Nicaraguita Linda

By Emma Chevalier

Nicaraguita Linda

The Mierisch Family has been farming coffee for five generations. Erwin Senior, the family patriarch, aka “El Doctor,” is a third generation farmer. Don Erwin oversees the business at large, and contributes to agronomic development and innovation at the farm level. Eleane, his eldest daughter, now oversees quality control, mill operations, client relations and sales. Eleane’s older brother, and the eldest child of the bunch, Erwin Jr., has also contributed greatly to the development of the family business, and was heavily involved in Cup of Excellence in its early years, as is Eleane today. The Mierisch family runs a tight ship, and they truly consider the entire team part of the family.


Eleane and I first met in New Orleans, back during Revelator’s inaugural year. One of the very first lots I purchased for Revelator was one of her coffees, a pulped natural lot of yellow pacamara from Finca Limoncillo. I had bought the coffee spot through a local importer, Trevor  – our late mutual friend. Trevor introduced us during one of Eleane’s visits. She was dropping her niece off at college, and was the first coffee farmer I had ever met. We have purchased coffees from the Mierisch family every year since. These coffees represent one of our longest standing producer relationships.
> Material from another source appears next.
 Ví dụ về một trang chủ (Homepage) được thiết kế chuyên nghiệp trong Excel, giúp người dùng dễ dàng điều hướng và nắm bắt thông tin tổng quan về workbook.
The past three months have been a dark and tumultuous chapter for Nicaragua. I want to be sensitive and responsible about what I say here-- but can’t turn a blind eye either. With a heavy heart, I encourage all to to spend some time tuning in to what international news coverage is available. (Al Jazeera English, La Prensa Nicaragua, and 100% Noticias are reliable sources.) Despite the present violence and repression, Nicaragua remains a beautiful country, and we are still here to offer and celebrate the wonderful coffees grown by our producer partners.
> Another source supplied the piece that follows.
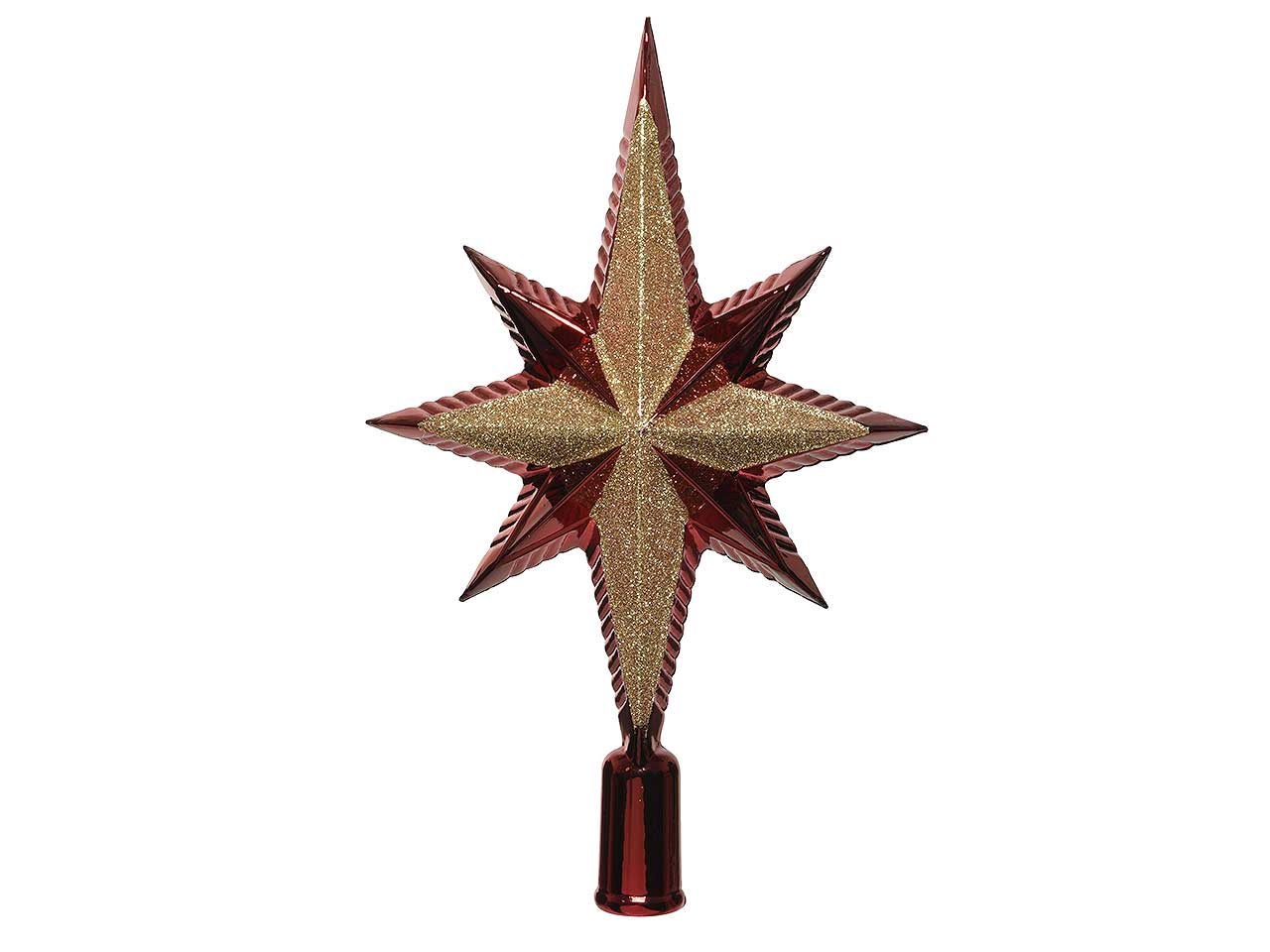Puntale infrangibile glitterato colore bordeaux misura lun.6.5cm x lar.14.5cm x alt.25.5cm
This year we have handful of coffees from Fincas Mierisch on the lineup. Washed java from Las Delicias is light, and tea like with notes of dark chocolate, lime, and delicate florals. Pulped natural pacamara from Finca Limoncillo is fruity and tropical, with big, wild flavor. Washed orange bourbon from Finca Suspiro is the backbone of Tea Cake, our seasonal summer blend. We will also soon release a small lot of bourbon from vaquero Don Jaime Molina, of Finca Montecristo.


 

My arrival: Eleane Mierisch drives too fast for her own good. On the road, we speed past three rainbows -- a storm rolls in. To the east, the sky is saturated. To the west, the setting sun.  

 

 

 

 

 

 

 

Coffee farms, surrounded by forest.

 


 

Continual, unexpected rains triggered early, unusual flowering. The rains usually let up towards the end of the year. It was still raining in February. It’s July now, and due to the early flowerings, coffee is already ripening at lower elevations.

 

Coffee cherry is picked in the morning and processed at the wet mill at night.

 


 

 

 

 

 

 

 

Coffee is dried, hulled, sorted, and prepared for export at the dry mill.

 

Below are scenes from some of the farms. The landscape changes quickly. Each farm lies in a unique environment. Each has a distinct microclimate.


 

 

 

 

 

 

 

 

 

 

Meadows of coffee, bordered by tree breaks, low hanging mists in the the fields.

 


 

 

 

 

Airy and bright.

 


 

 

Beneath the dense shade of the canopy.

 


 

 

 

 

 

 

 

 

 

 

 

 

Bright darts of scattered sunlight. Layers of shadows. The forest is thick. A small, waterfall fed river runs through it.